U.S. patent number 3,780,936 [Application Number 05/215,482] was granted by the patent office on 1973-12-25 for mixer-separator for automated analytical chemistry system.
This patent grant is currently assigned to The United States of America as represented by the Secretary, Department. Invention is credited to Ian E. Bush.
United States Patent |
3,780,936 |
Bush |
December 25, 1973 |
MIXER-SEPARATOR FOR AUTOMATED ANALYTICAL CHEMISTRY SYSTEM
Abstract
A mixer-separator unit for use in automated analytical chemistry
systems wherein two liquid phases are brought into intimate contact
and then separated. The two liquids are put into a vessel where
slow rotation slops them around in the vessel to secure intimate
mixing. Fast rotation is begun after a preset interval which
results in fast and efficient centrifugal separation of the phases.

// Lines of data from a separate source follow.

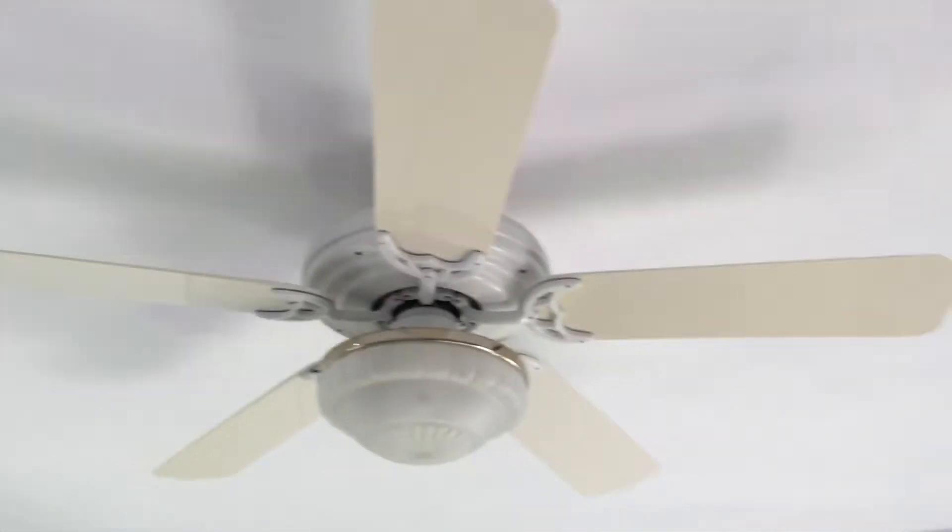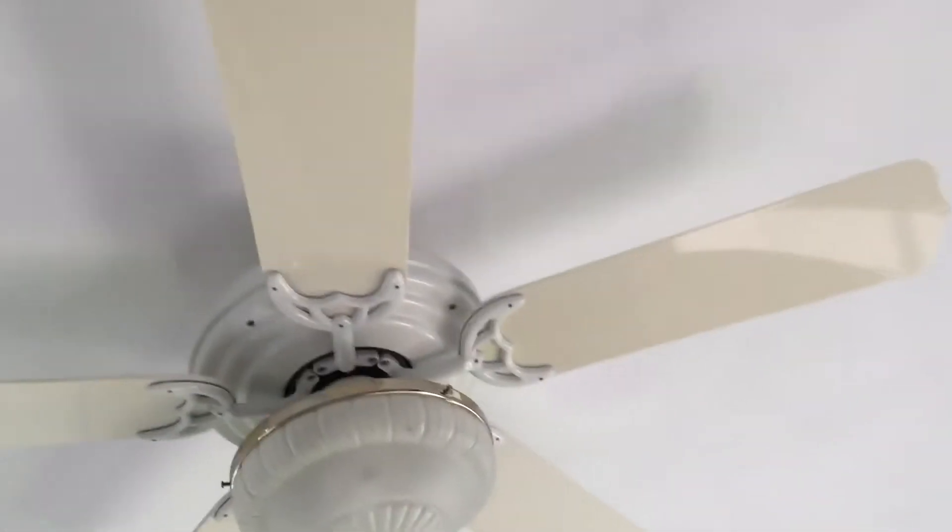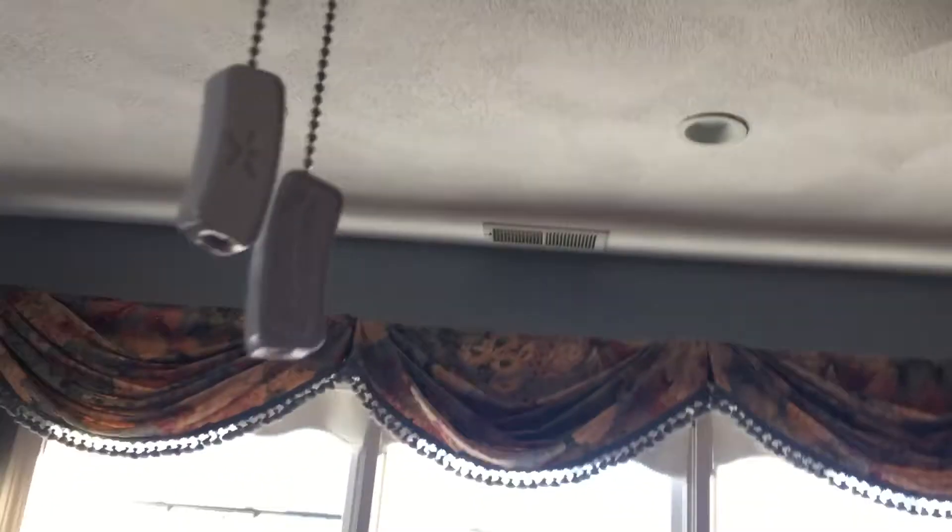Alright, so we're at my aunt and uncle's house. They have this ceiling fan — I don't know what type it is, so if anyone can please tell me what it is. There are like three or four of these in the house. Oh, that's a Casablanca.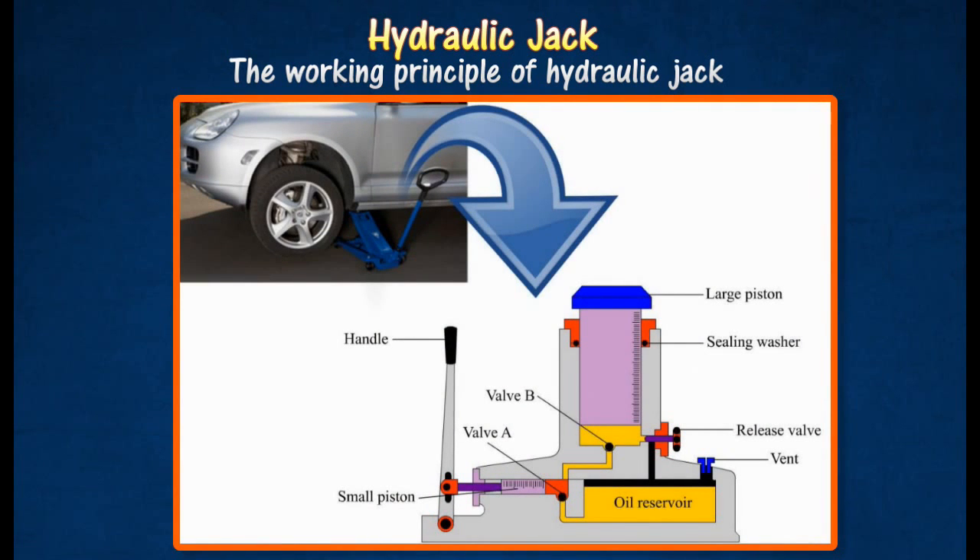When a small input force is applied to the handle of the jack, a large output force which is able to lift the car is produced. This forces the oil to move along the tube, close valve A and open valve B. The pressure produced by the force applied is transmitted through the oil to the large piston. Thus, the large piston is pushed up by a large force.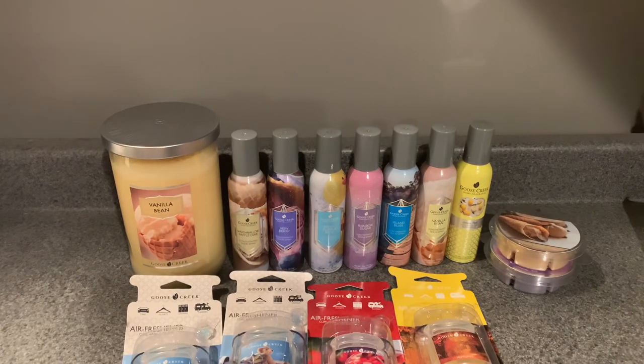I think they might be discontinuing the car fresheners, which is really sad because I like them. They didn't have any other scents I'd want otherwise I would have bought a lot more. But anyway, that's all I have for this Goose Creek haul! Let me know below if you're a room spray person — do you love them, hate them, would you buy them? Did you think this was a good sale? I'd love to chat. Thank you so much for watching and I'll see you in my next one — bye!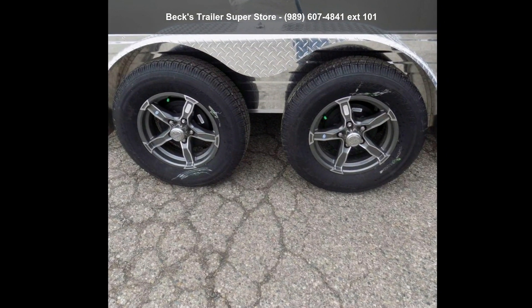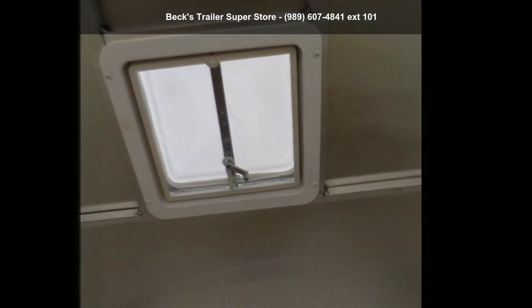Call now to ask the dealer about this unit. We are sure to have a quality trailer that fits your needs.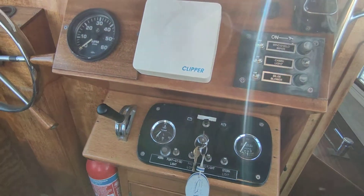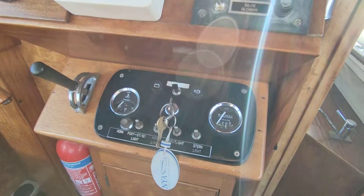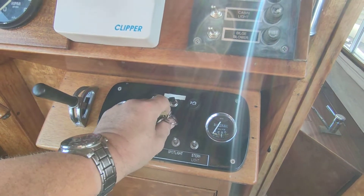Hi, this is Steve Biggs of Boatshed Norfolk, on board the Freeman 23 from 1970. This is engine start.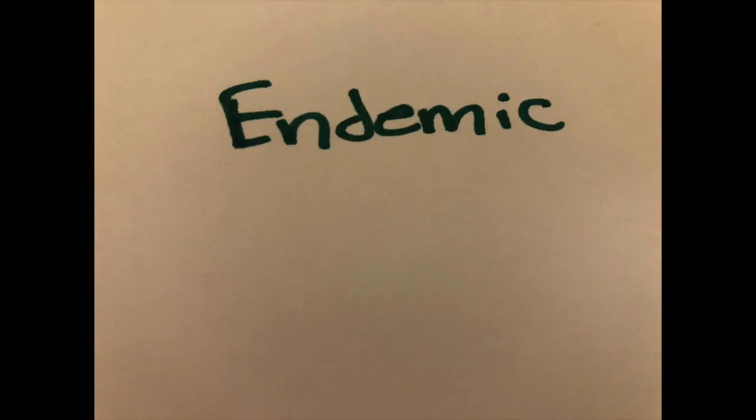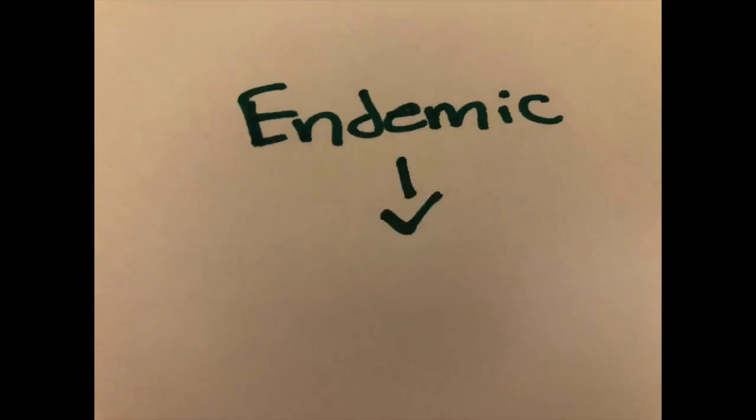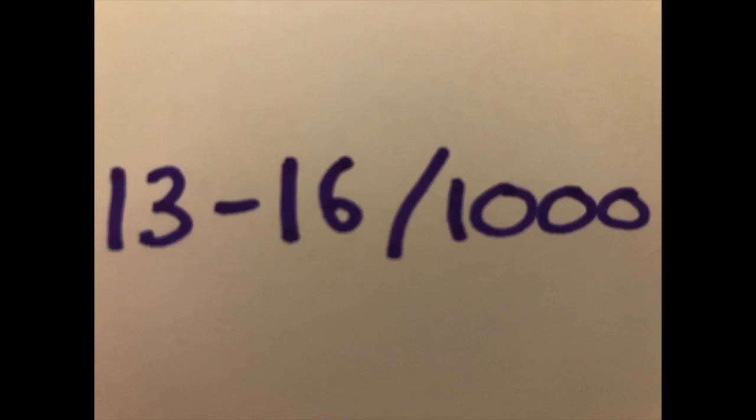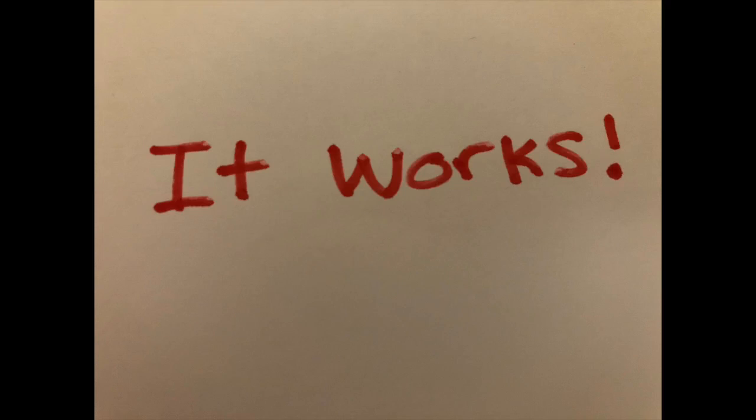Varicella continues to be an endemic infection, with epidemics seen every two to three years. There tends to be significant variation year to year, but incidence ranges from 13 to 16 cases per 1,000 people per year. The Varicella vaccine is highly effective — in the United States, vaccination programs have resulted in a decline in incidence of over 95% in vaccinated populations.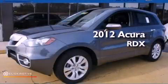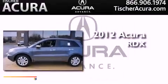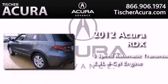This is a certified pre-owned 2012 Acura RDX. This crossover has a five-speed automatic transmission and an inline four-cylinder engine.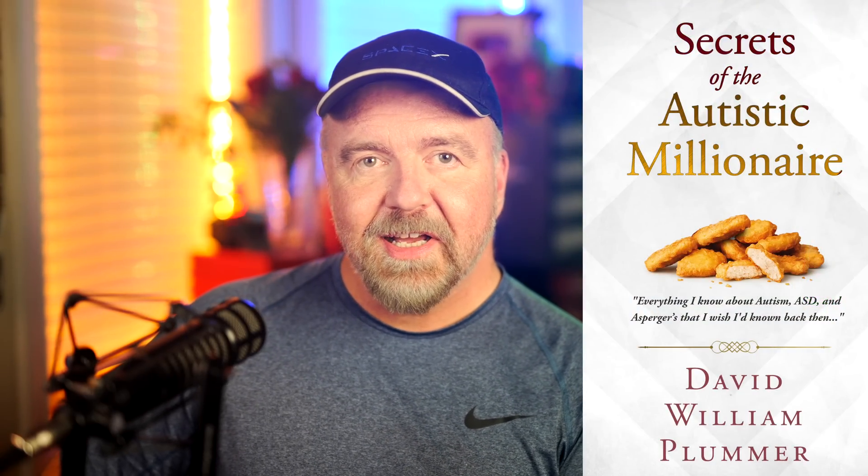If you have any interest in matters related to autism, Asperger's, or ASD, please check out my book on Amazon, Secrets of the Autistic Millionaire. It's got nothing to do with money and everything to do with living a successful life on the spectrum — basically everything I know now that I wish I'd known back then. Remember, I'm mostly in this for the subs and likes, so please be sure to leave me one of each before you go today. I hope to see you next time, right here in Dave's Garage.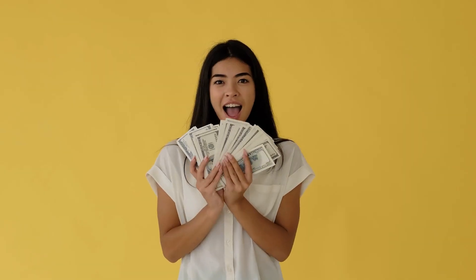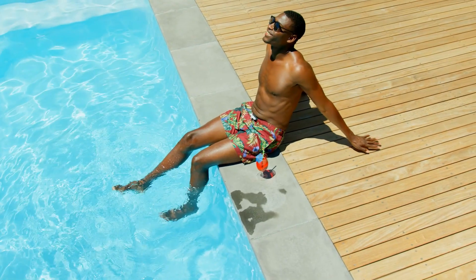I make over $2,000 per month selling printables online, working less than 10 hours per month. I know that might sound unbelievable, but today I'm going to tell you how.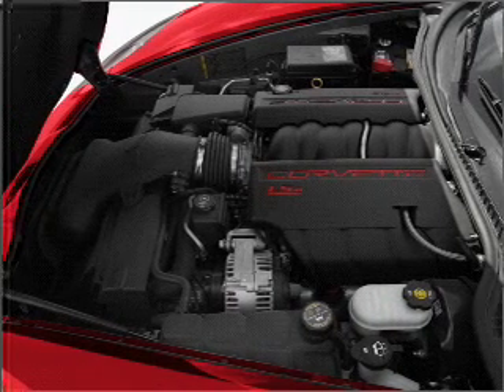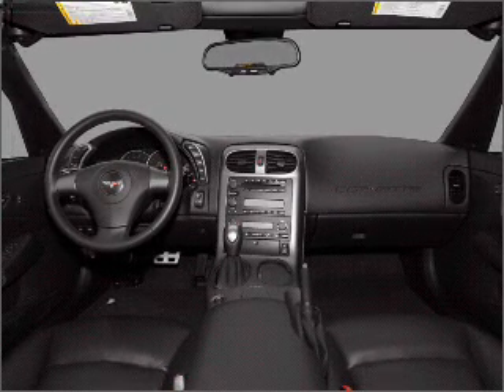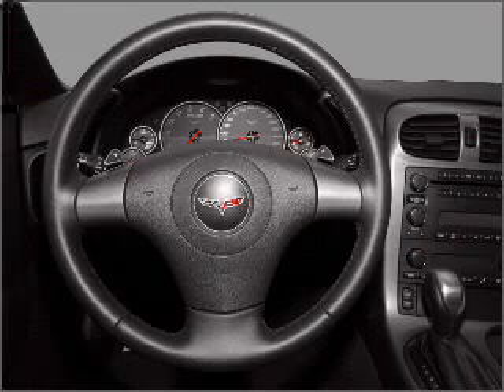Air conditioning, power door locks, power windows, power steering, cruise control, power mirrors, an alarm system, an AM-FM stereo with a CD player, and an adjustable tilt steering wheel.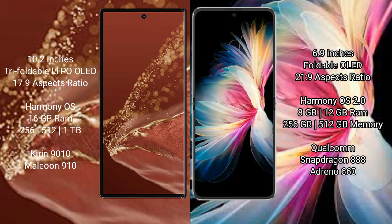The Huawei Mate X2 Ultimate comes with 16GB RAM and 256GB or 512GB internal storage, powered by the Kirin 9010 processor. The Huawei Mate 50 Pocket comes with 8GB or 12GB RAM and 256GB or 512GB internal storage.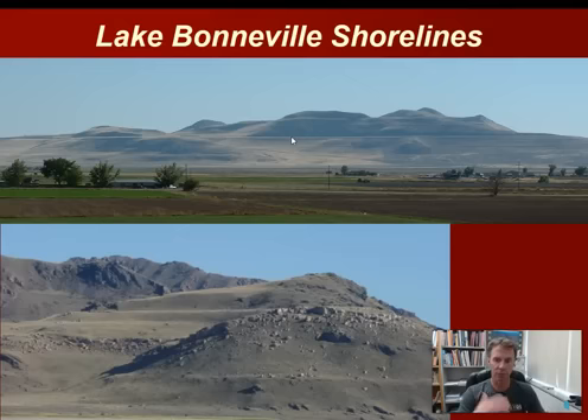We know that Lake Bonneville at its maximum — the higher shoreline you can see in this top image — was about 5,200 feet in elevation. The lower, more prominent one is called the Provo level, at about 4,800 feet. So these two shorelines are separated by about 400 vertical feet of elevation.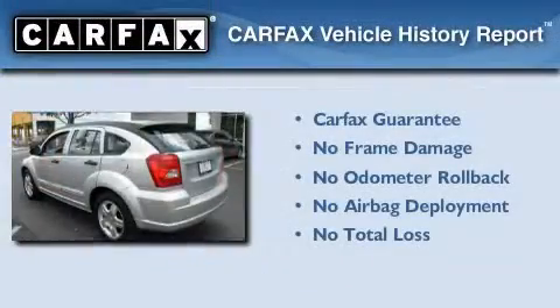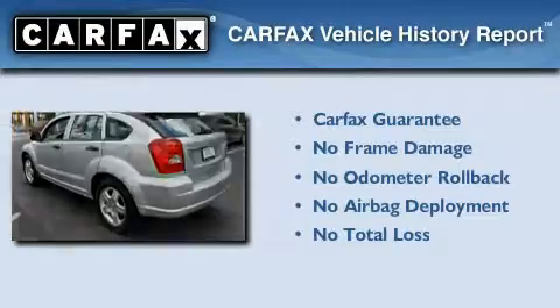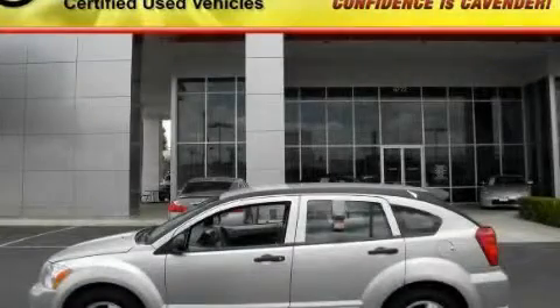Not to mention that this Dodge qualifies for the Carfax buy-back guarantee. Please call us today for more information on this great vehicle.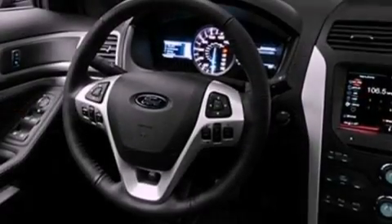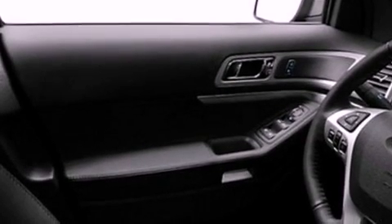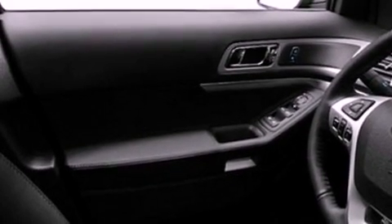Its top features include heater vents for rear seat passengers, cruise control, front and rear reading lights, a 6-speaker audio system, leather and alloy steering wheel trim, big 18-inch wheels, a rear spoiler, a low tire pressure indicator, external temperature display, and satellite radio.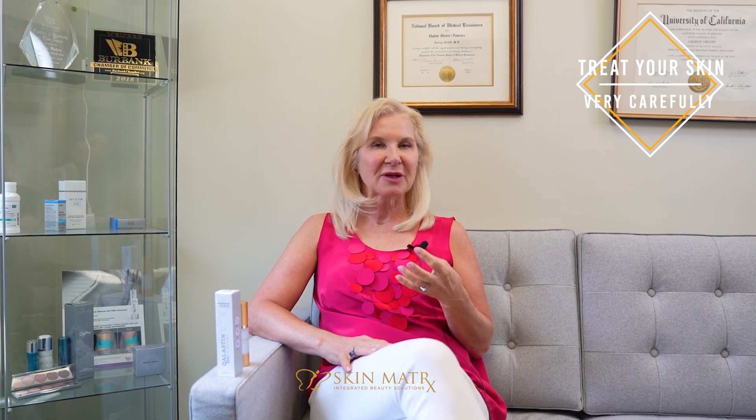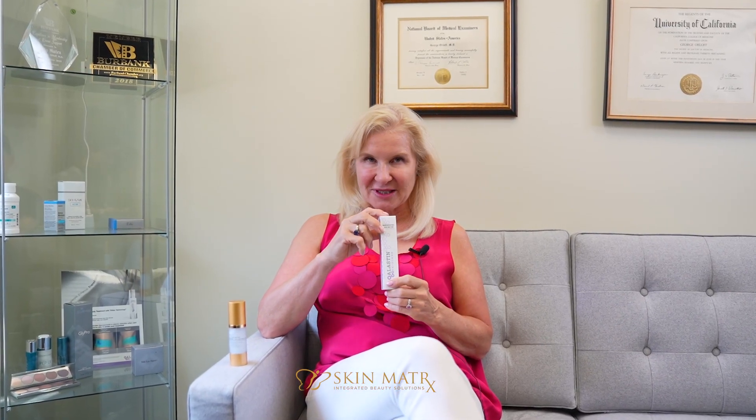Afterwards, you are going to treat your skin very carefully. If you are very concerned about having specific products that you want to use, we do have a post-procedure kit that includes a gentle cleanser, a sunscreen that's not irritating, as well as nectar. The nectar that you have used for two weeks before the procedure, you'll continue using afterwards. You may just feel like you need to use it more than twice a day.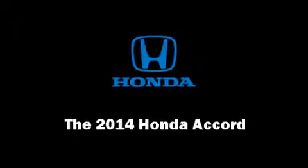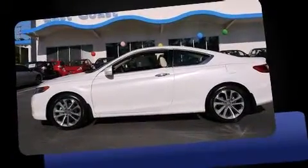The 2014 Honda Accord. This two-door, five-passenger coupe offers the features and options for which you've been searching.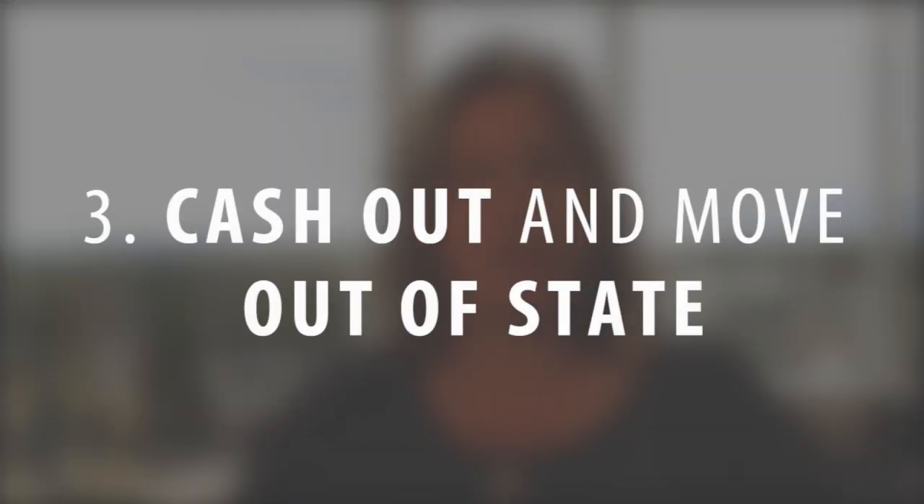The other option is you can cash out of a home and move out of state — many people are doing this when grandkids are being born and they want to be closer to family. You can also get a reverse mortgage against the home, though this is not always for everyone. It's really best if you don't plan to leave the home to a family member or children, because the home equity does start to get eroded away and eventually it will have to be either paid back if you want to pass it along to family, or the property will have to be sold.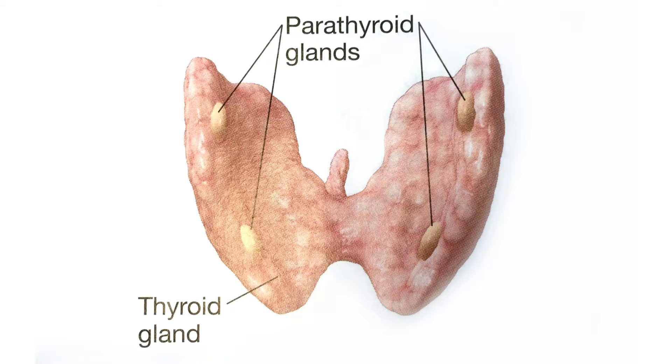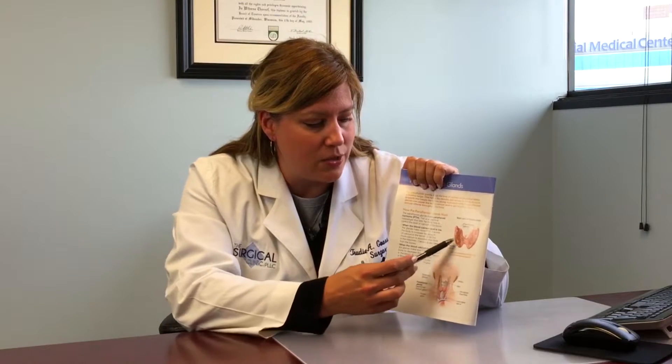Once we're able to disconnect the blood supply to your parathyroid glands and your thyroid, we gently peel the thyroid away from the other structures in the neck to remove it.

After another interval tap jets are opened to withdraw the denser
phase and then the lighter phase.
Inventors: |
Bush; Ian E. (Plainview, L. I.,
NY) |
Assignee: |
The United States of America as
represented by the Secretary, Department (Washington,
DC)
|
Family
ID: |
22803157 |
Appl.
No.: |
05/215,482 |
Filed: |
January 5, 1972 |
Current U.S.
Class: |
494/1; 494/12;
494/59; 494/43; 494/84 |
Current CPC
Class: |
B04B
5/0442 (20130101); B04B 11/04 (20130101); B04B
1/10 (20130101) |
Current International
Class: |
B04B
5/04 (20060101); B04B 1/00 (20060101); B04B
11/00 (20060101); B04B 11/04 (20060101); B04B
5/00 (20060101); B04B 1/10 (20060101); B04b
001/14 (); B04b 011/06 () |
Field of
Search: |
;233/19R,19A,2R,2A,47R,21,22,46 |
References Cited
[Referenced By]
U.S. Patent Documents
Primary Examiner: Krizmanich; George H.
Claims
I claim:
1. A mixer-separator including
a base, said base having a side at some angle with the
horizontal;
rotation means mounted on the side, said rotation means having an
axis of rotation;
a mixing vessel attached to the rotation means and rotatable about
the axis of rotation thereby, said mixing vessel including fluid
holding means;
valveless ejection means for separating one liquid from another
liquid, said means being carried by said mixing vessel and
communicating with the fluid holding means for controlling the
retention of liquid therein, when said ejection means is in a first
position, and the withdrawal of liquid therefrom, when said
ejection means is in a second position, said ejection means
including an outlet means, the outlet means being a first axial
distance from the axis of rotation when said ejection means is in
the first position, the first axial distance being less than the
axial distance from the axis of rotation to the circumference of
the inner cylindrical surface of the liquid in the position it
assumes during centrifugal separation, and a second axial distance
from the axis of rotation when said ejection means is in the second
position, the second axial distance being greater than the axial
distance from the axis of rotation to the circumferences of the
inner and outer cylindrical surface of the liquid in the position
it takes during centrifugal separation; and
collection means for collecting the ejected liquid.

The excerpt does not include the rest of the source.